#### Problem to work on:
The reply should reproduce every line of the data below word for word, minus any images.

══════════

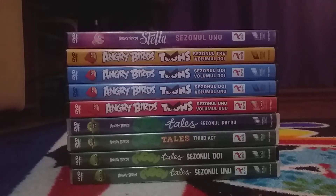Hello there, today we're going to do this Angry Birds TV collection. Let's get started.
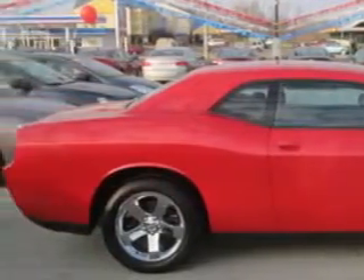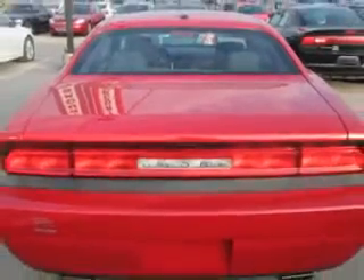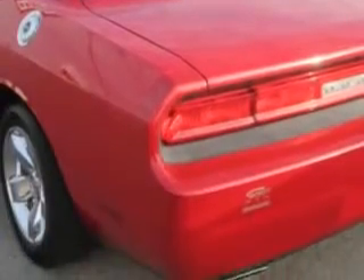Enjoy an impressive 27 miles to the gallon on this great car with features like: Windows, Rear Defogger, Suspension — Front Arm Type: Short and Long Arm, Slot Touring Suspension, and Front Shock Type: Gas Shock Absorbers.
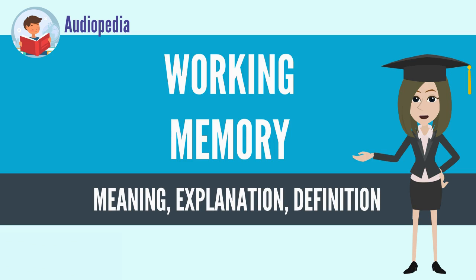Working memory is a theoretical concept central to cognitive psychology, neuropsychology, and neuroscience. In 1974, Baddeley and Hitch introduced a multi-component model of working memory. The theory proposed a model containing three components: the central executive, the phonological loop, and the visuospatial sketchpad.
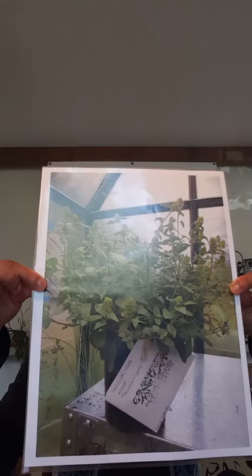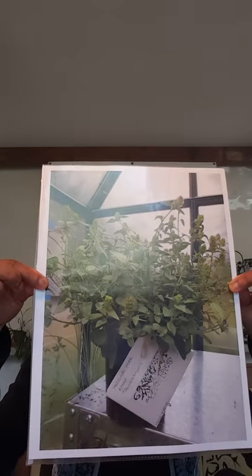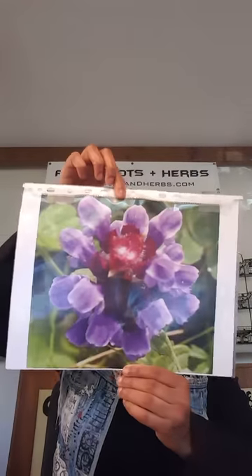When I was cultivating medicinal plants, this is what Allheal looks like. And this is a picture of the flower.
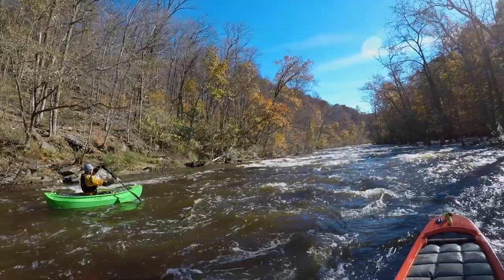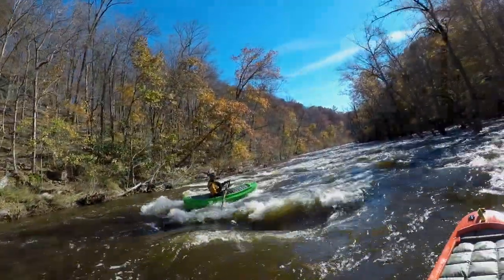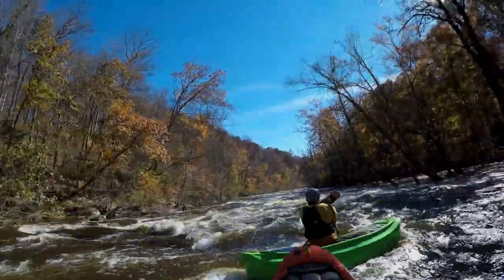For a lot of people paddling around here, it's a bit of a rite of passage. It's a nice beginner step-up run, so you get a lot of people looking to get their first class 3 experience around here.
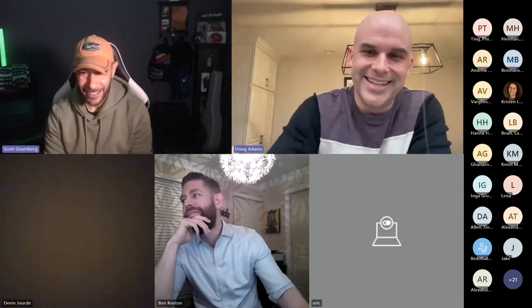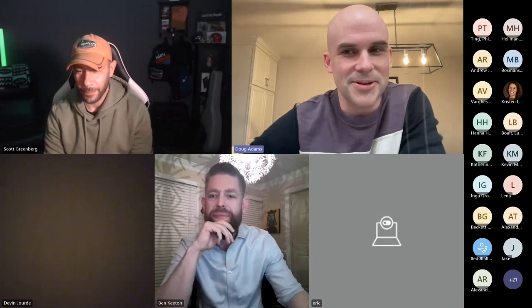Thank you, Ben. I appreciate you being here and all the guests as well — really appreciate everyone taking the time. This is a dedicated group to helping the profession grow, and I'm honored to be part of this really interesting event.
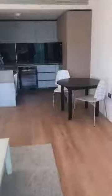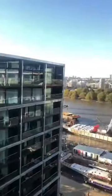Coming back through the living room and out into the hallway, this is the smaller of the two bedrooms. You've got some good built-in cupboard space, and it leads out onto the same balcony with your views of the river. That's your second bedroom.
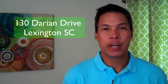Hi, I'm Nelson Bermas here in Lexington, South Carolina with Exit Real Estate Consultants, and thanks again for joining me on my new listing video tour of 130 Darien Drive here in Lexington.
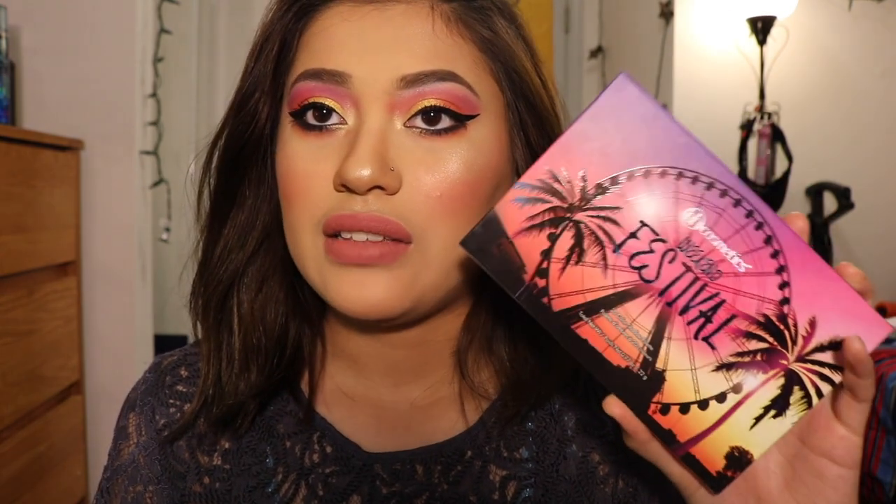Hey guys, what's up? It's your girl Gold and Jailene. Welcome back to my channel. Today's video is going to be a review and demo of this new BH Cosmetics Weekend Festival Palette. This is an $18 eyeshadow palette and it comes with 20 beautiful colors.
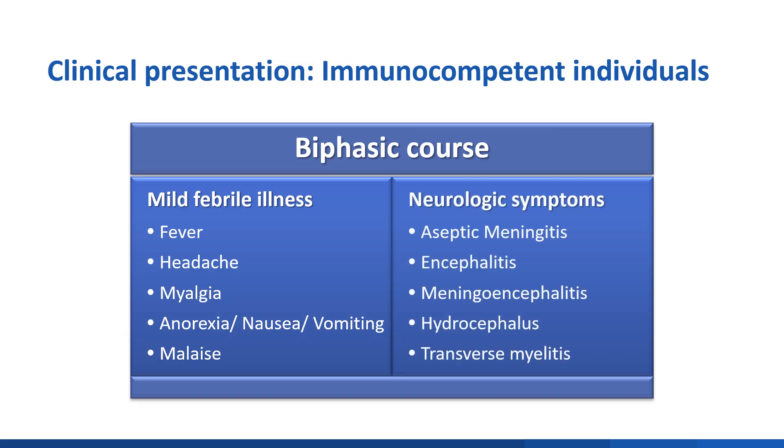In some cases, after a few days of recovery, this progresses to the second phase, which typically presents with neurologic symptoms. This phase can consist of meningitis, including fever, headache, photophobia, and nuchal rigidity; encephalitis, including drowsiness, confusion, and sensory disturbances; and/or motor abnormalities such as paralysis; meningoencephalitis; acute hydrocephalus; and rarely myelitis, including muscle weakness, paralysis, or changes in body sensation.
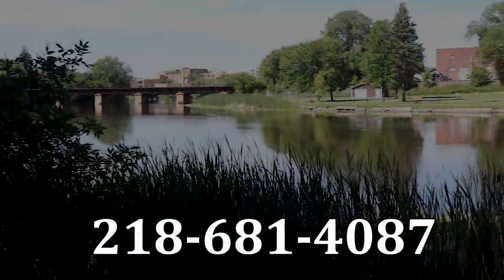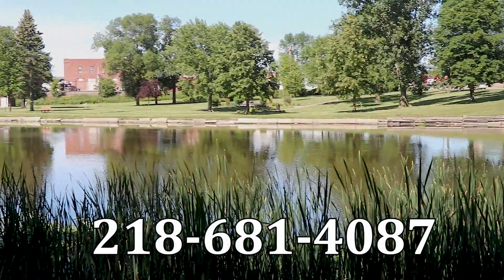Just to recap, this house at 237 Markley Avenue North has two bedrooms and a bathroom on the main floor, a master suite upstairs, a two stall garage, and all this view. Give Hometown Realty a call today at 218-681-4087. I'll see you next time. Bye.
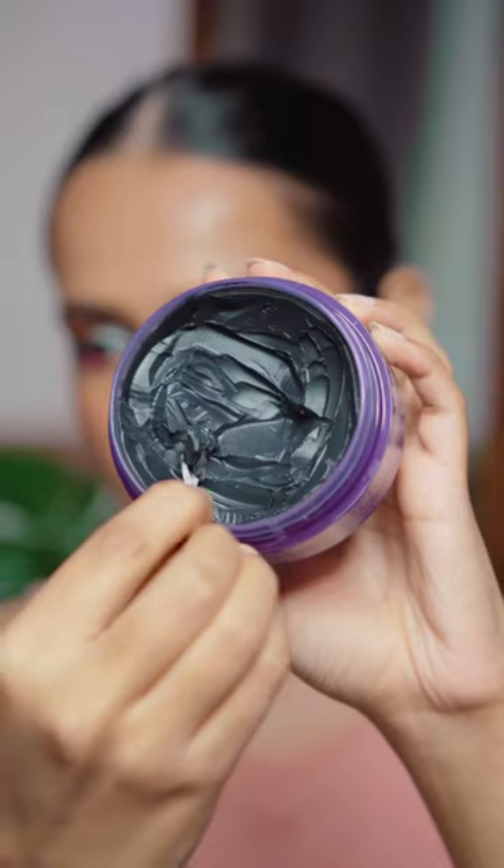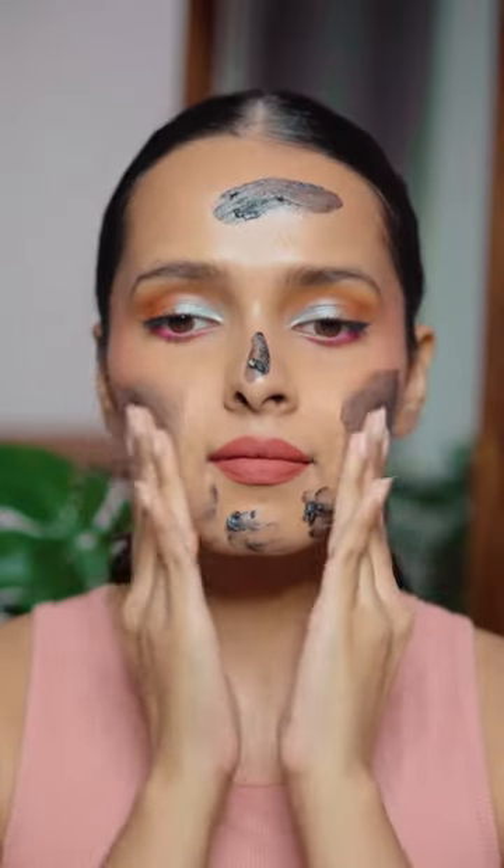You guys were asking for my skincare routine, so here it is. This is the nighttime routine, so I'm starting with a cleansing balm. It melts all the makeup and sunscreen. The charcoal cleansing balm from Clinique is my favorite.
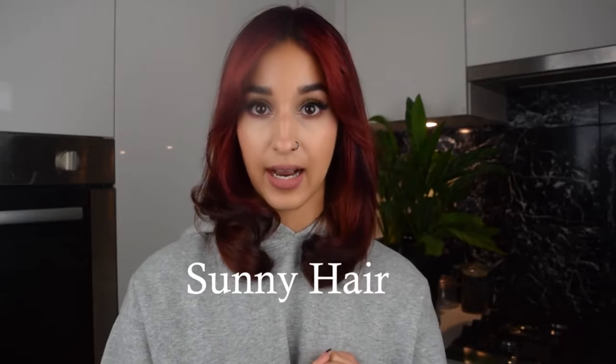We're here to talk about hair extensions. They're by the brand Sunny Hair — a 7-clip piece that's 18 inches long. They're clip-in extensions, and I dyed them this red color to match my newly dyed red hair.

══════════

#### Task answer:
Hello there, today we're going to do this Angry Birds TV collection. Let's get started.
Enjoy an impressive 27 miles to the gallon on this great car with features like: Windows, Rear Defogger, Suspension — Front Arm Type: Short and Long Arm, Slot Touring Suspension, and Front Shock Type: Gas Shock Absorbers.
Working memory is a theoretical concept central to cognitive psychology, neuropsychology, and neuroscience. In 1974, Baddeley and Hitch introduced a multi-component model of working memory. The theory proposed a model containing three components: the central executive, the phonological loop, and the visuospatial sketchpad.
When I was cultivating medicinal plants, this is what Allheal looks like. And this is a picture of the flower.
For a lot of people paddling around here, it's a bit of a rite of passage. It's a nice beginner step-up run, so you get a lot of people looking to get their first class 3 experience around here.
Thank you, Ben. I appreciate you being here and all the guests as well — really appreciate everyone taking the time. This is a dedicated group to helping the profession grow, and I'm honored to be part of this really interesting event.
Coming back through the living room and out into the hallway, this is the smaller of the two bedrooms. You've got some good built-in cupboard space, and it leads out onto the same balcony with your views of the river. That's your second bedroom.
Hi, I'm Nelson Bermas here in Lexington, South Carolina with Exit Real Estate Consultants, and thanks again for joining me on my new listing video tour of 130 Darien Drive here in Lexington.
Hey guys, what's up? It's your girl Gold and Jailene. Welcome back to my channel. Today's video is going to be a review and demo of this new BH Cosmetics Weekend Festival Palette. This is an $18 eyeshadow palette and it comes with 20 beautiful colors.
In some cases, after a few days of recovery, this progresses to the second phase, which typically presents with neurologic symptoms. This phase can consist of meningitis, including fever, headache, photophobia, and nuchal rigidity; encephalitis, including drowsiness, confusion, and sensory disturbances; and/or motor abnormalities such as paralysis; meningoencephalitis; acute hydrocephalus; and rarely myelitis, including muscle weakness, paralysis, or changes in body sensation.
Just to recap, this house at 237 Markley Avenue North has two bedrooms and a bathroom on the main floor, a master suite upstairs, a two stall garage, and all this view. Give Hometown Realty a call today at 218-681-4087. I'll see you next time. Bye.
You guys were asking for my skincare routine, so here it is. This is the nighttime routine, so I'm starting with a cleansing balm. It melts all the makeup and sunscreen. The charcoal cleansing balm from Clinique is my favorite.
We're here to talk about hair extensions. They're by the brand Sunny Hair — a 7-clip piece that's 18 inches long. They're clip-in extensions, and I dyed them this red color to match my newly dyed red hair.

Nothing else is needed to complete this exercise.